Seisi kelas menarik napas lega. Tausiah prakuliah urung berlangsung di pagi itu.
***
“Tadi pagi tumben telat?” selidik Haura ketika mereka duduk semeja berhadap-hadapan di kantin jelang siang. Kantin sedang ramai-ramainya.
Hanif kikuk. “Tadi sebelum ke kampus ada urusan yang harus segera diselesaikan, Kak.”
“Oh begitu. Lain kali, jangan seperti itu. Masa iya, ketua HMJ[1] yang seharusnya jadi panutan malah terlambat masuk kelas?” sindir Haura.
Hanif menyungging senyum tipis tapi juga menggaruk kepalanya yang tak gatal. Kekikukannya tertutupi dengan pelayan kantin yang mengantarkan pesanan mereka: segelas teh hijau dan jus jeruk.

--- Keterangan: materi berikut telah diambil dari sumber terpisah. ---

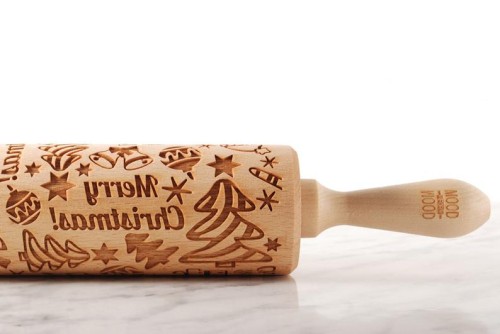 Wałek do ciastek świątecznych z motywami bożonarodzeniowymi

“Ini berkas proposal bakti sosial akhir semester. Coba diperiksa dulu.” Haura mengeluarkan map biru dari dalam tas punggungnya yang merah muda.
Hanif mengambil map, membolak-balik halaman proposal yang ada di dalamnya setelah meneguk teh hijau dingin pesanannya.
“Dana transportasi apa sudah dicek sebesar ini? BBM sudah naik lagi, lho,” katanya kemudian.